§ **What is required**: From the line that holds "La fiscal general de Colombia, Luz Adriana Camargo Garzón, ha" down to the last line of the listing below, transcribe exactly and only those lines. Leave pictures out.
------------------------------------------------------------
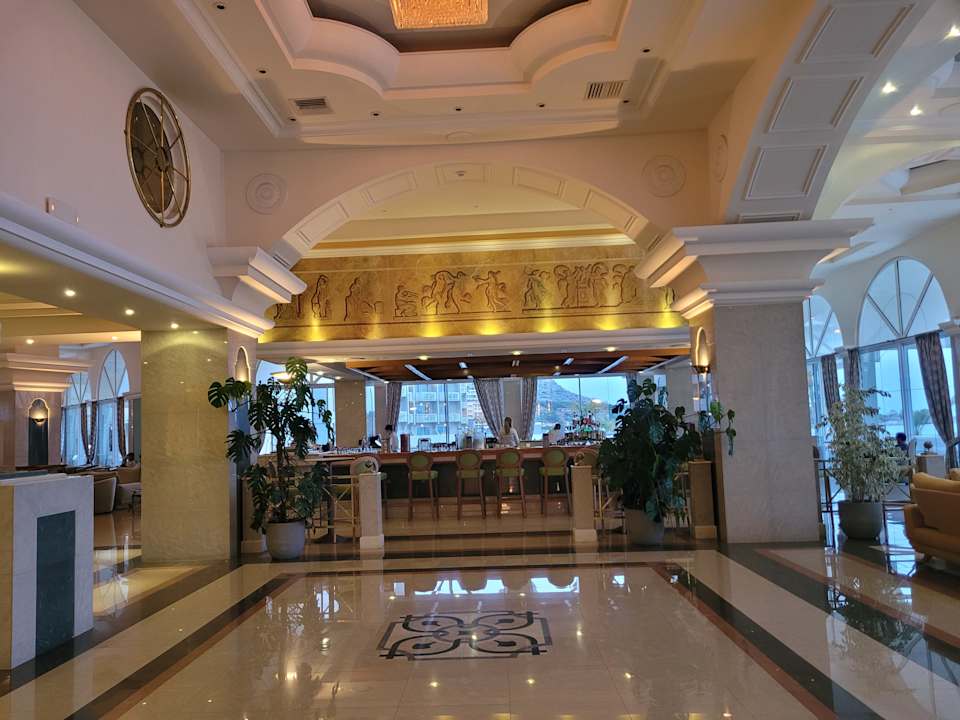 Lobby Rodos Palladium Leisure & Wellness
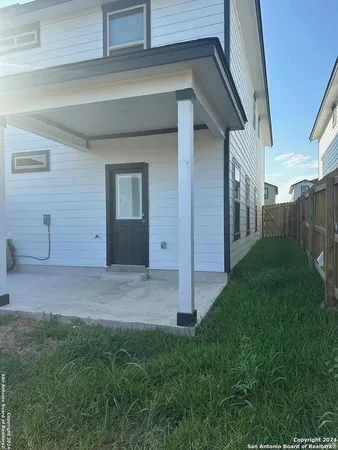 $1,650 | 8438 Via Verona, Unit 101, San Antonio, TX 78227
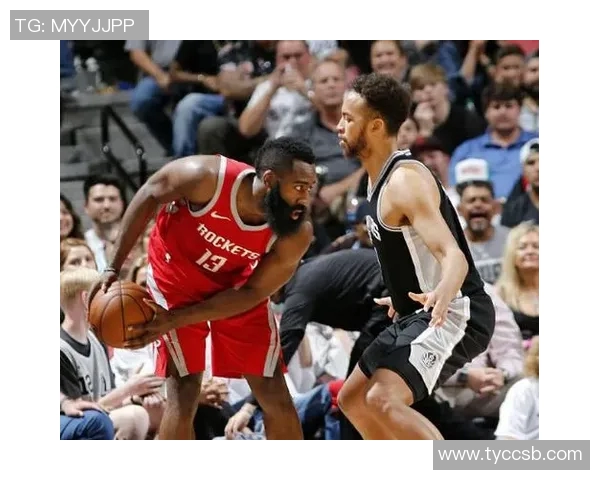 德里克奎因表现抢眼13号秀高效砍下15分6板2帽并导致文班六犯 德里克奎因表现抢眼13号秀高效砍下15分6板2帽并导致文班六犯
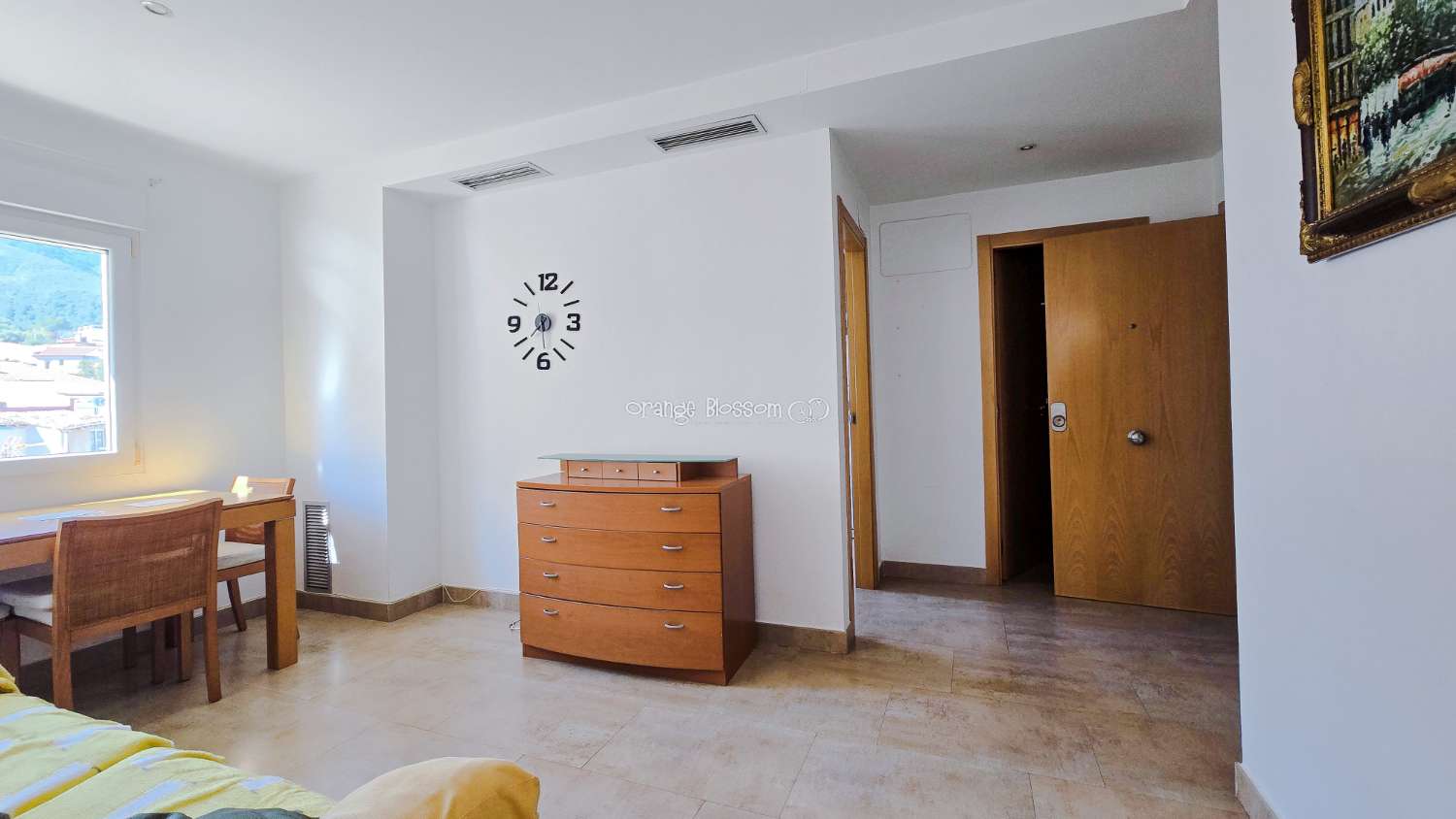 Ideally positioned, the apartment enjoys wonderful views along Villalonga’s main paseo, offering both a pleasant outlook and a real sense of connection to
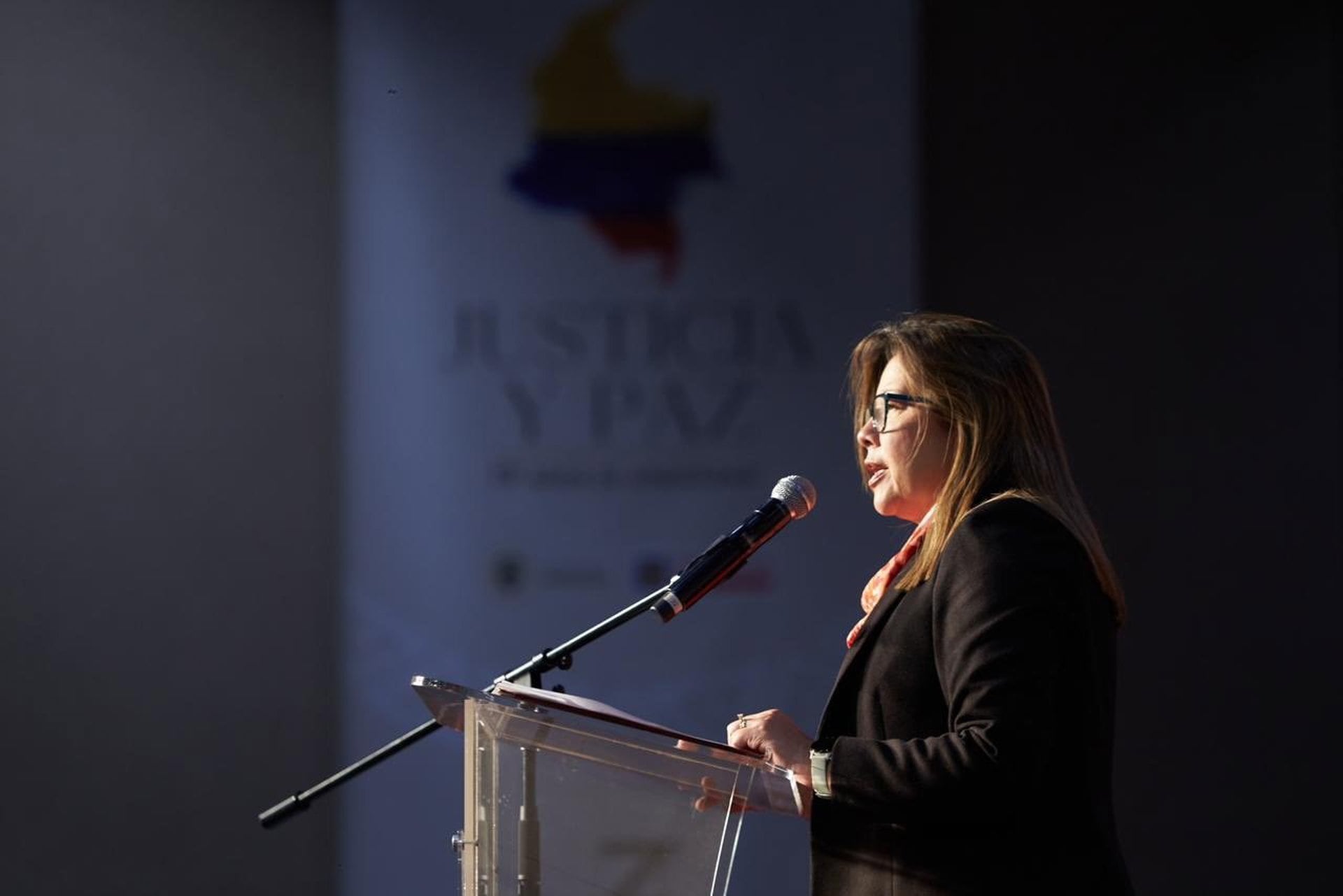 08/09/2026 La fiscal General de Colombia, Luz Adriana Camargo Garzón, en una imagen de archivo.
La fiscal general de Colombia, Luz Adriana Camargo Garzón, ha resuelto este lunes reactivar las órdenes de arresto contra siete exmiembros representantes del Frente Comuneros del Sur de la guerrilla del Ejército de Liberación Nacional (ELN), las cuales habían sido suspendidas a propósito de las conversaciones y negociaciones previas al Gobierno del presidente colombiano, Abelardo de la Espriella.
POLITICA
FISCALÍA COLOMBIA EN X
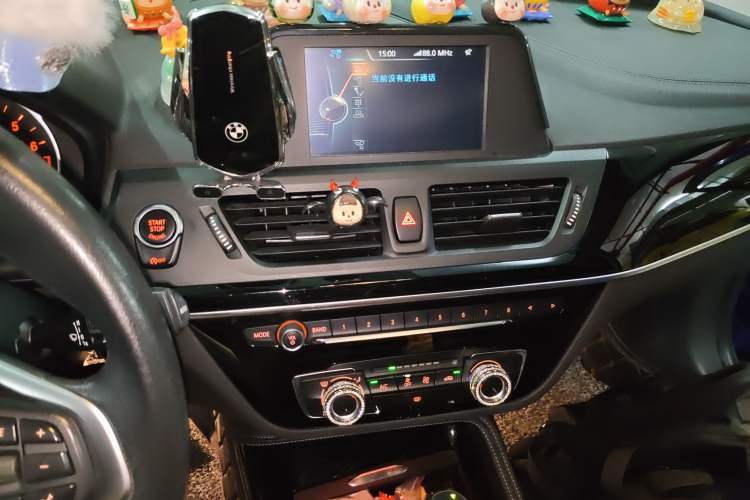 Used BMW 1 Series 2017 118i Sport Edition Audio And AC Panel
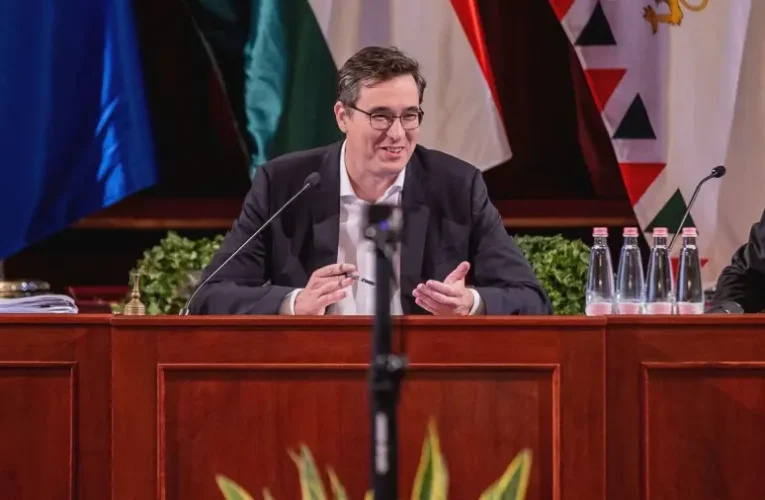 „Húzzál már el a francba!” – Elszabadultak az indulatok a Fővárosi Közgyűlésben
------------------------------------------------------------
§ **Finished task**:
La fiscal general de Colombia, Luz Adriana Camargo Garzón, ha resuelto este lunes reactivar las órdenes de arresto contra siete exmiembros representantes del Frente Comuneros del Sur de la guerrilla del Ejército de Liberación Nacional (ELN), las cuales habían sido suspendidas a propósito de las conversaciones y negociaciones previas al Gobierno del presidente colombiano, Abelardo de la Espriella.
POLITICA
FISCALÍA COLOMBIA EN X
 Used BMW 1 Series 2017 118i Sport Edition Audio And AC Panel
 „Húzzál már el a francba!” – Elszabadultak az indulatok a Fővárosi Közgyűlésben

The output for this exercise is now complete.